Friday, August 8, 2014
Friday Potpourri
Another week's-worth of schtuff:
1) Sue VanHattum has started a new "Math Mama's Gazette" for students and teachers. First issue here:
http://mathmamawrites.blogspot.com/2014/08/math-mamas-gazette-issue-number-one.html
2) Stephen Stigler's 7 pillars of statistics:
http://blogs.sas.com/content/iml/2014/08/05/stiglers-seven-pillars-of-statistical-wisdom/
3) The fifth run of Keith Devlin's "Introduction to Mathematical Thinking" (10-week) MOOC course begins around end of September:
https://www.coursera.org/course/maththink
4) A follow-up to last year's claimed proof for the Millennium Prize Navier-Stokes equations (now being re-worked):
http://tinyurl.com/ohm44q9
5) No doubt, inevitable, a "Common Core Math For Parents For Dummies" is now on the way:
http://christopherdanielson.wordpress.com/2014/08/05/news-a-new-project/
6) Frequentist and Bayesian interpretations of statistics (side-by-side):
http://www.workinginuncertainty.co.uk/probtheory_axioms.shtml
7) Mike Lawler offers this follow-up take to a Keith Devlin blog piece:
http://tinyurl.com/leffaq5
8) Popular science writer Carl Zimmer ventures into the land of statistics with a piece for Nautilus on the 'null hypothesis' (interestingly placed under the heading of, "Epistemology," and using Bigfoot as a working example):
http://nautil.us/issue/16/nothingness/why-we-cant-rule-out-bigfoot
9) And for those who just like to play with crunched numbers, here's an oddball look at taxi-driver tipping in NY City:
http://www.businessweek.com/articles/2014-08-07/tipping-taxi-drivers-data-analysis-cant-explain-these-puzzles
10) Lastly, not math, but I'll plug a small volume I just finished and enjoyed: "The Universe" edited by John Brockman.

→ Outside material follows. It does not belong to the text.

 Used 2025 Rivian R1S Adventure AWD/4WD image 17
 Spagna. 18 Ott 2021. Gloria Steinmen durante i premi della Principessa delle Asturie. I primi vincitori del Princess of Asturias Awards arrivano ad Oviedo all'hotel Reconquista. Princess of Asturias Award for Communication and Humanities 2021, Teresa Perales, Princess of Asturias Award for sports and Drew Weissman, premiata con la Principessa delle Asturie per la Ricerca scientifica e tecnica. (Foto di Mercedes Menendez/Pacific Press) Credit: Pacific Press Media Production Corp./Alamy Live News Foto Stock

I assume a number of readers here, fancy, as I do, reading popular cosmology/physics books, though I find few I can wholeheartedly endorse for lay readers. This volume though is a wonderful compendium of many different thinkers ranging over a variety of topics/debates within cosmology, and very readable -- if you're familiar with the sorts of compendiums Brockman puts out, then you already know that you do or don't enjoy this sort of thing. Some of the essays are already dated a bit, but still a splendid collection, if this is an area you have some familiarity with.